二大広告代理店の電通、博報堂が年末に発表する2009年注目商品ランキングが出そろった。トップ10の上位を占めたのは、エコカー(ハイブリッド車含む)や、エコポイントの対象になった地デジ対応薄型テレビといった省エネ関連商品だ。政府の経済対策によって割安感が高まったのが主因とみられる。
所得減少への生活防衛から同じ品質なら価格のより安い商品へ、という意識はある意味当然だが、それをきっかけに消費者の生活に対する価値観そのものを見直し、身の丈スタイルに合った「成熟した消費行動」に移りつつあるというのが両社共通の分析で、景気が回復してもこの流れは当分変わらないだろうと予測している。
単なる節約志向の流れだけではない
博報堂の「09年商品/サービス興味度ランキング」の結果は以下の通りだ。①新型インフルエンザ対策商品(マスクなど)②訳あり商品③地デジ対応家電④エコポイント商戦⑤エコカー⑥プライベートブランド(PB)⑦1000円高速ドライブ⑧次世代エネルギー商品⑩0円コーヒー/カフェ――。
電通調査では3位にユニクロに代表される低価格ファストファッション、6位に高速道路の自動料金収受システム(ETC)が入ったが、他は博報堂調査とほぼ同一商品が上位に並んだ。
博報堂がヒット商品の背景にあるいくつかの環境変化を列挙している。第一は「未来の土台」に着目する消費者意識だ。政府が打ち出す様々な政策で、地上波がアナログからデジタルに全面移行したり、経済の成長よりも地球環境に配慮した経済への構造転換が進んだりしている。嗜好性が強い消費よりも、新時代へのコストとして受け入れられたのが地デジ対応商品やエコカーというわけだ。

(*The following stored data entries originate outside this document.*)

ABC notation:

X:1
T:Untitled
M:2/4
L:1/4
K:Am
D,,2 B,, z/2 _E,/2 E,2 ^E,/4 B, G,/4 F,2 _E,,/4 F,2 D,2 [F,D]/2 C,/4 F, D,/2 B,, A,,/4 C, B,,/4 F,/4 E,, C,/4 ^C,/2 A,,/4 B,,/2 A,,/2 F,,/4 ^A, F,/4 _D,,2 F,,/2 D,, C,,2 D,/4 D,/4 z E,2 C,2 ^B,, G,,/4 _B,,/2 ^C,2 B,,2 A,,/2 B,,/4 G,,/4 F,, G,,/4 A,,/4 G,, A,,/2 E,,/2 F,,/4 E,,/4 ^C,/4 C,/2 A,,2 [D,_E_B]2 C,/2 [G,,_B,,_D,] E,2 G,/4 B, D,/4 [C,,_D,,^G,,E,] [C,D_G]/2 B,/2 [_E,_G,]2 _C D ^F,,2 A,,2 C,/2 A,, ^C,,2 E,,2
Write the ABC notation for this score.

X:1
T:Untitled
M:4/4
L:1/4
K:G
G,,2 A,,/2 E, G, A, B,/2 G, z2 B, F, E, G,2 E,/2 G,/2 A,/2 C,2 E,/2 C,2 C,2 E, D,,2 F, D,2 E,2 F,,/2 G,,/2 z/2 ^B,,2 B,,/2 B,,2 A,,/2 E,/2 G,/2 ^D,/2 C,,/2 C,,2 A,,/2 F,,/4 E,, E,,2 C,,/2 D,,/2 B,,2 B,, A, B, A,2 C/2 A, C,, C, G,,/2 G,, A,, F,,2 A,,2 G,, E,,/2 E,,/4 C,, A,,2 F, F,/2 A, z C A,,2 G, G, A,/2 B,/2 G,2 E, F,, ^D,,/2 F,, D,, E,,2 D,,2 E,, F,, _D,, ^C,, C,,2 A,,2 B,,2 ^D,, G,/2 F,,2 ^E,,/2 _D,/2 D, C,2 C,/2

第二は、「もっと贅沢を」という志向から「身の丈」スタイルへの意識変化。メーカー品と同じ品質なのに価格は2~5割安いとされるPB商品、規格にはまらない野菜や、目立たない傷があるために価格を引き下げた商品に人気が集まったのは、単に節約志向の流れだけではなく、「高級であることより、身の丈にあったモノを目利きして暮らすほうが快適」(同社のネット調査で86.8%が回答)という意識変化の表れと見られる。
「下取りセール」や「カーシェアリング」が伸びる
「所有欲」を満たす消費から、「共有」によりむだを極力排除しようという動きも強まった。その象徴が「下取りセール」や「カーシェアリング」といった新しい消費形態が伸びていることだ。同社は「東京都心部などでは深夜の交通手段なども充実し、高額の駐車料金まで払って自家用車を保有するよりも、他人と共有する車を必要なときだけ利用し、それで浮いたおカネを趣味など活用した方が満足できる」という。
15位にランクインした「自転車ブーム」のように、「安価」を求める節約志向だけでなく、それによって健康・体力増進につながることに満足を見出すのが最近のトレンド。まだまだ厳しい経済環境が続く中で、嗜好品やぜいたく品よりも、日常の「質」に目を向けて、「生活の土台交換」へ進んでいく――博報堂は来年の消費動向をそう読んでいる。